§ **YOUR INSTRUCTIONS**
With pictures left out, return only the lines from the line containing "Women's Fitted Lace" through the end of the material below, both included.

§ **DATASET EXCERPT**
- Opening Delimiter -
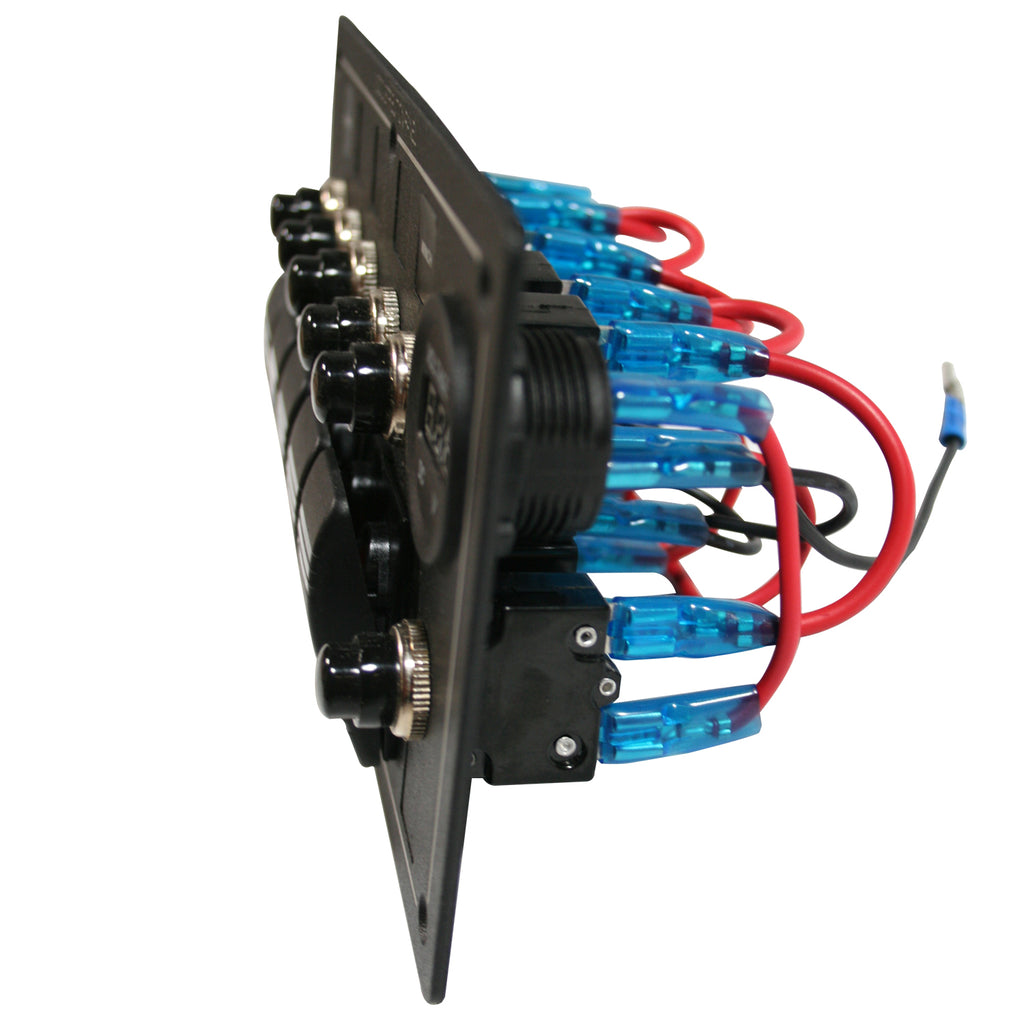5-Switch Voltmeter Panel W/Breakers Black Bulldog Winch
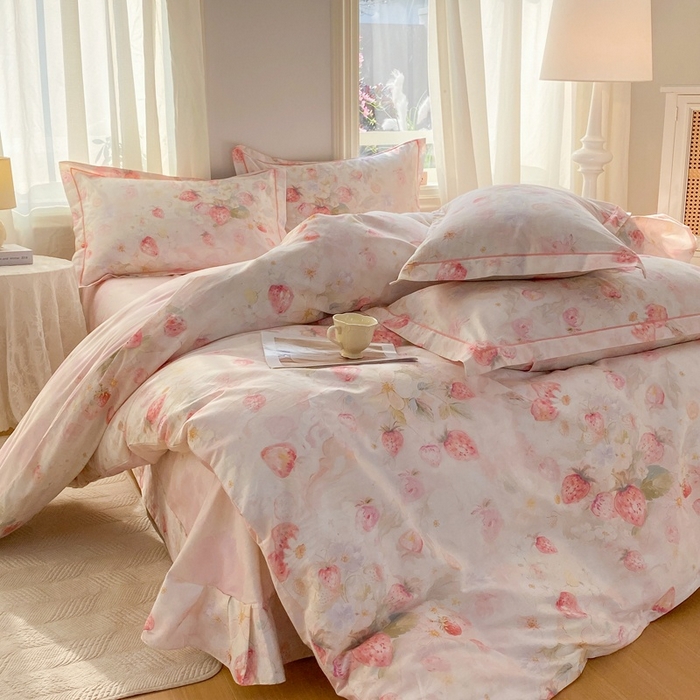 91家纺网 家纺一手货源 找家纺 凌鼎 2026新款全棉数码印花四件套 草莓花语-粉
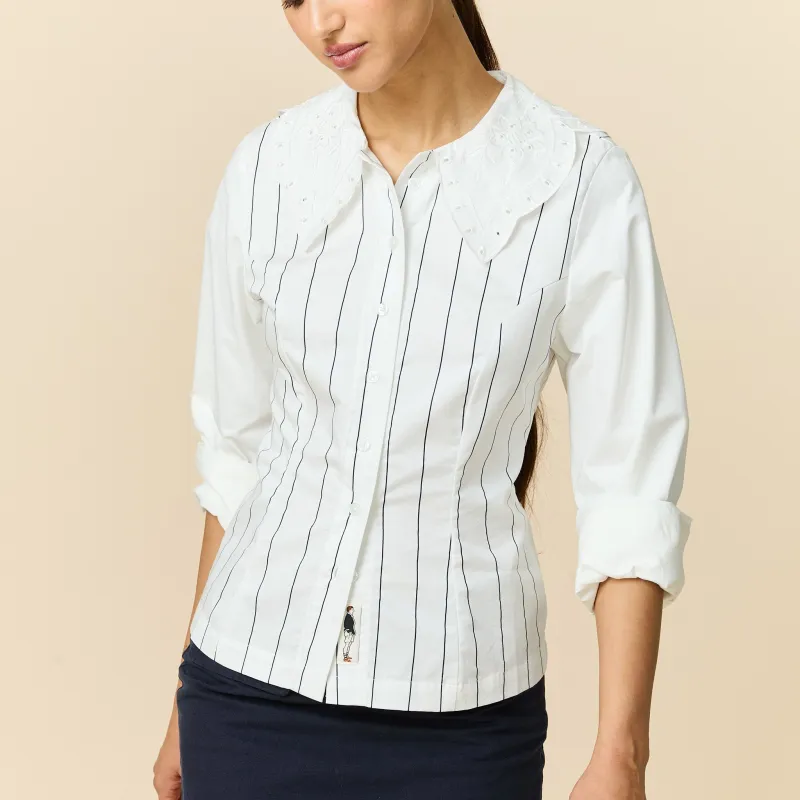 Women's Fitted Lace Collar Button Down Shirt White made by Rowing Blazers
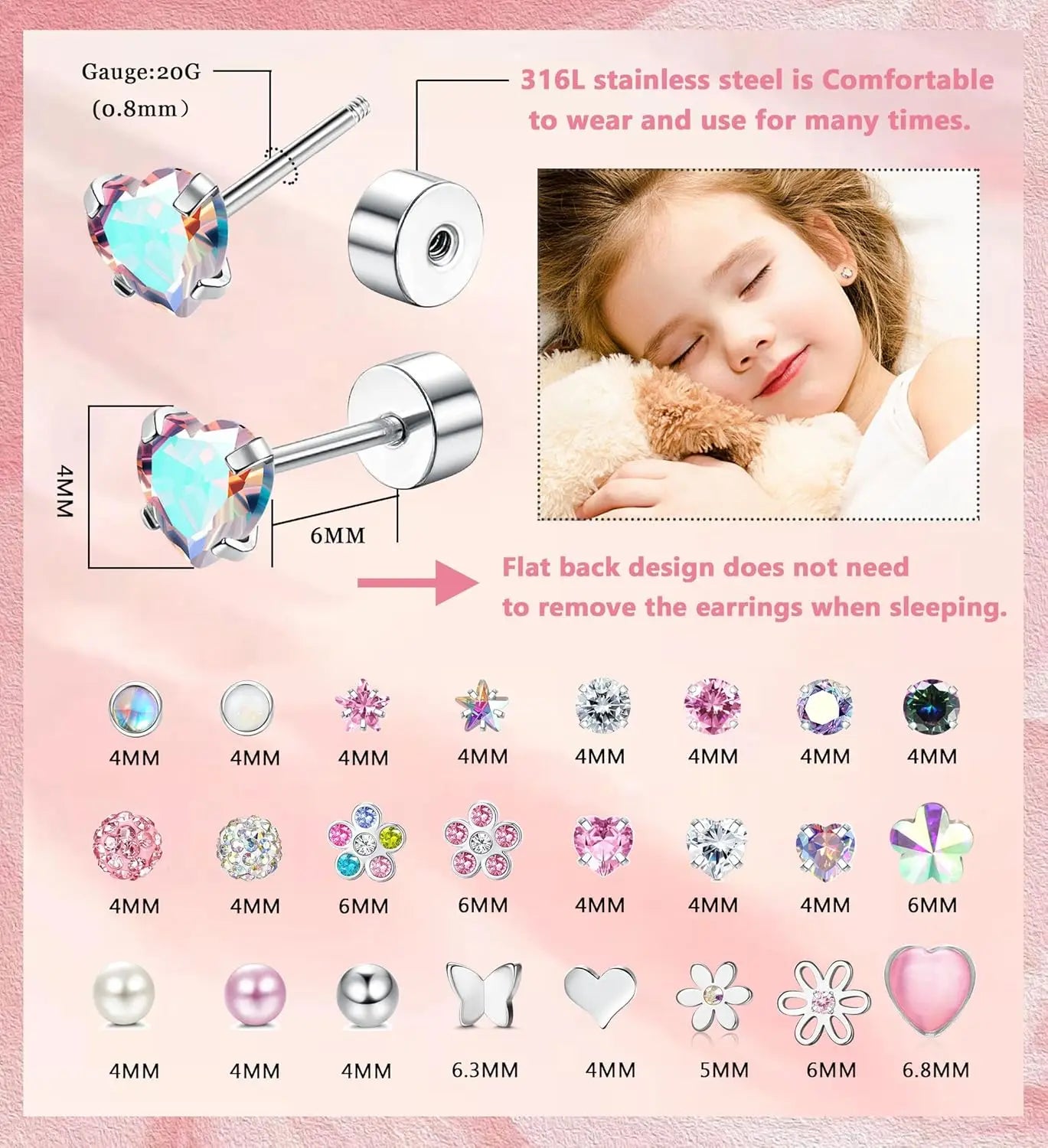 Heart-shaped earrings with detailed specifications and a child sleeping with a teddy bear on a pink background.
- Closing Delimiter -
§ **WRITTEN REPLY**
 Women's Fitted Lace Collar Button Down Shirt White made by Rowing Blazers
 Heart-shaped earrings with detailed specifications and a child sleeping with a teddy bear on a pink background.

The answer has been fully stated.